Segment Start: Records provided

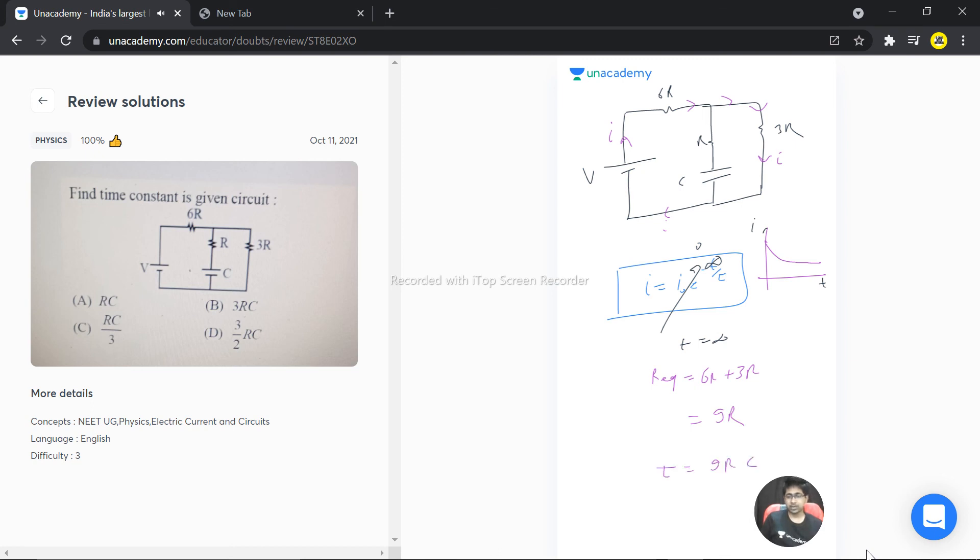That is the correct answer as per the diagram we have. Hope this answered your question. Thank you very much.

Segment End: Records provided
Segment Start: Records provided

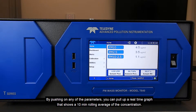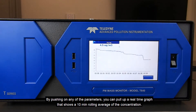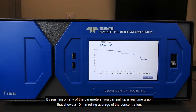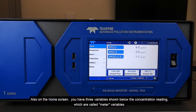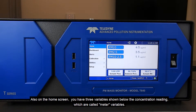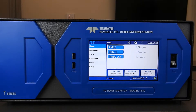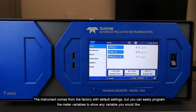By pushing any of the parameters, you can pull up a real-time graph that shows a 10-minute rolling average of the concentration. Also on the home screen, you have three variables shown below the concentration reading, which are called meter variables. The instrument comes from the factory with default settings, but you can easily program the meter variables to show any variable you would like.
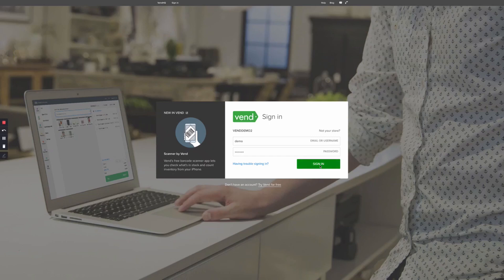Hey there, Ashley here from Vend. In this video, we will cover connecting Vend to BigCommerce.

Segment End: Records provided
Segment Start: Records provided

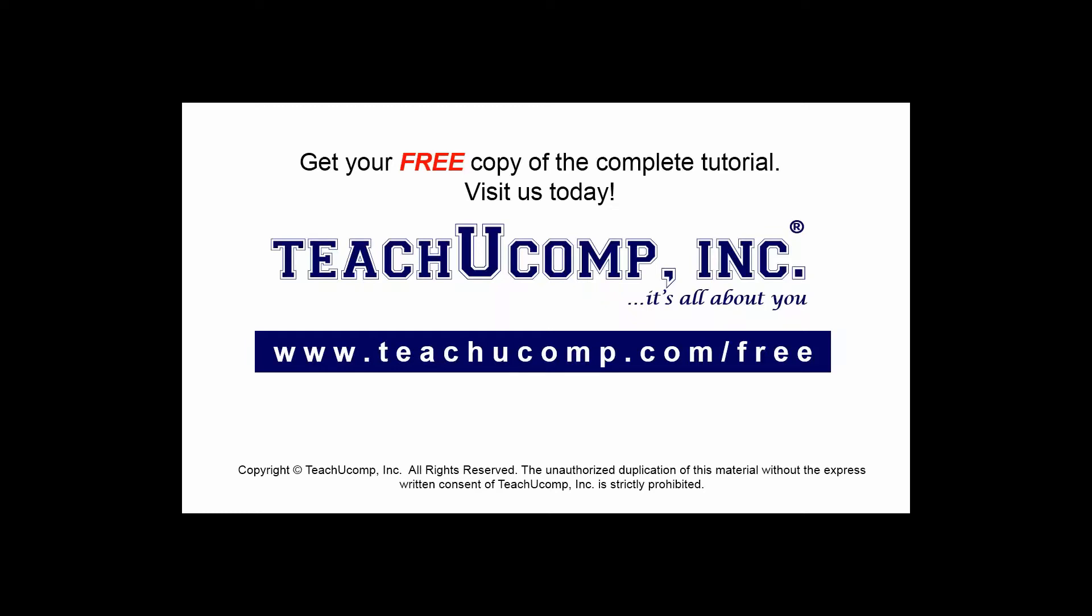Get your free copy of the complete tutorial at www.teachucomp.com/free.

Segment End: Records provided

**What is needed:**
Would you output only the span of the records above that opens with the line containing "By pushing any" and closes with the line containing "Hey there, Ashley", ends included and pictures dropped?

**Task output:**
By pushing any of the parameters, you can pull up a real-time graph that shows a 10-minute rolling average of the concentration. Also on the home screen, you have three variables shown below the concentration reading, which are called meter variables. The instrument comes from the factory with default settings, but you can easily program the meter variables to show any variable you would like.
Hey there, Ashley here from Vend. In this video, we will cover connecting Vend to BigCommerce.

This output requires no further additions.